In this plot, the lighter bands indicate when we planned to listen to music, and the darker bands when we actually did so.

intention-to-treat-03.svg

With very keen eyes, we can already see the great effect of confounding on mood. As a hint, look for where the bars indicate non-compliance, and you’ll see how often that corresponds to big shifts in mood.

When looking at mood through the lens of when we planned to listen to music, there is no longer any meaningful difference.

Day Mean mood
Music planned 0.24
Silence planned 0.23
Correlation 0.03
Standard error 0.03

Thus, when we do the analysis in terms of intention-to-treat, we see clearly that music has no discernible effect on mood.
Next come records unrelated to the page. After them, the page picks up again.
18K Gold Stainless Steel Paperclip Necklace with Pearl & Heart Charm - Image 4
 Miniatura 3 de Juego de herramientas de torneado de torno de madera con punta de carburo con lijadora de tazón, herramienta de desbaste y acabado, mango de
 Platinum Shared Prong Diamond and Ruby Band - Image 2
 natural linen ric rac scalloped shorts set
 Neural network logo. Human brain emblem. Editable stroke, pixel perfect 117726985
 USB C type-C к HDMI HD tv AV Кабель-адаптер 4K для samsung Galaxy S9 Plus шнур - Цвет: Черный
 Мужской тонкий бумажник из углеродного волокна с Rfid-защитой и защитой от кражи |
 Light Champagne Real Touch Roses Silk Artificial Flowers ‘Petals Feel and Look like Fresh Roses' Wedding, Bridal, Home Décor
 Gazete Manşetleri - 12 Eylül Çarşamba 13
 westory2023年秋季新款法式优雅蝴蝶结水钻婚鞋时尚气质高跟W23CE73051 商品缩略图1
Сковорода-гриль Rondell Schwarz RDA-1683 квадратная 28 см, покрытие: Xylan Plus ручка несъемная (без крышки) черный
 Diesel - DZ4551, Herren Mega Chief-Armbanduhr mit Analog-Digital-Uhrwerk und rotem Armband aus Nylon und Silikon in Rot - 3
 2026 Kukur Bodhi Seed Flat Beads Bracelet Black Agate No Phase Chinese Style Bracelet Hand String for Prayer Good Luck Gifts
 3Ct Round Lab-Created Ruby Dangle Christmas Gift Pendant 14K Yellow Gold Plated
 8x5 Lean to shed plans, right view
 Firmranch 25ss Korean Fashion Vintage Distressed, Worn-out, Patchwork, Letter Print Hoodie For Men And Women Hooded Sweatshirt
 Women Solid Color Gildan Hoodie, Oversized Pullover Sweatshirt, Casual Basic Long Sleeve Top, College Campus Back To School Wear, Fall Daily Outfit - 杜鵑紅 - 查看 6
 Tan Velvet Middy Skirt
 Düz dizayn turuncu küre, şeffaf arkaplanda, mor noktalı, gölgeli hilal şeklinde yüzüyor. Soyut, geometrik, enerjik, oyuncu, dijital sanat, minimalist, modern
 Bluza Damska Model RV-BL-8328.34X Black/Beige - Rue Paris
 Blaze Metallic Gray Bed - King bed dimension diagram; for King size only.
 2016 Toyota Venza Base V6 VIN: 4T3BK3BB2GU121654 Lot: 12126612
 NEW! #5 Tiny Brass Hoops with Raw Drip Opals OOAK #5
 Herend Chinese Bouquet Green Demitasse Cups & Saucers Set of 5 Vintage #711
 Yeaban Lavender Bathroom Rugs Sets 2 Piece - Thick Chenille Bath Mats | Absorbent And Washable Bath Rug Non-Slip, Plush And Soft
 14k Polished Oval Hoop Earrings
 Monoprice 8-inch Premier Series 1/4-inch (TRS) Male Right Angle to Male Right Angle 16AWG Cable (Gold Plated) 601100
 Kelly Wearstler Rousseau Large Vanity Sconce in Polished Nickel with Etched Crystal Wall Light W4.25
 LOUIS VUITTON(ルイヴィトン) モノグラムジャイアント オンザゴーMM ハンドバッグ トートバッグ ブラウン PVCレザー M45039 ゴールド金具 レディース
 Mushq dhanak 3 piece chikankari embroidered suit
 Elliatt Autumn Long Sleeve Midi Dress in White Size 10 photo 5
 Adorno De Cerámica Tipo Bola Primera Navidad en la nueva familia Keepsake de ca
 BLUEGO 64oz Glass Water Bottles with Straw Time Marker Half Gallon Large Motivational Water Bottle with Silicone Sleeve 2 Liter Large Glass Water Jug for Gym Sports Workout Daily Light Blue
This is to be expected, because we set \(k=0.0\) after all, so there shouldn’t be any effect.

The cost is lower statistical power

To explore the drawback of intention-to-treat analysis, we can adjust the model such that music has a fairly significant effect on mood. We will make music 4× as powerful as situation.

\[M=0.14,\;\;k=0.04,\;\;b=0.01\]

This new model gives us roughly the same results as reported before when looking purely in terms of when music is playing:

Day Mean mood
Music 0.29
No music 0.21

On the other hand, if we look at it through an intention-to-treat lens, we see there is now an effect (as we would expect), although too small to be trusted based on the data alone.

Day Mean mood
Music planned 0.26
Silence planned 0.23
Correlation 0.09
Standard error 0.11

Remember that we constructed this version of the model to have a definitive effect of music, but because we are looking at it through an intention-to-treat analysis, it becomes harder to see. To bring it out, we would need to run the experiment not for 31 days, but for half a year!

Such is the cost of including confounders in one’s data: they make experiments much more expensive by virtue of clouding the real relationships. Ignoring them does not make things better, it only risks producing mirages.

Brief summary of findings

To summarise, these are the situations we can find ourselves in:

Analysis type Significant effect Non-significant effect
Naïve Accurate result or confounder Accurate result
Intention-to-treat Accurate result Accurate result or confounder

In other words, by switching from a naïve analysis to an intention-to-treat analysis, we make confounders result in false negatives rather than false positives. This is usually preferred when sciencing.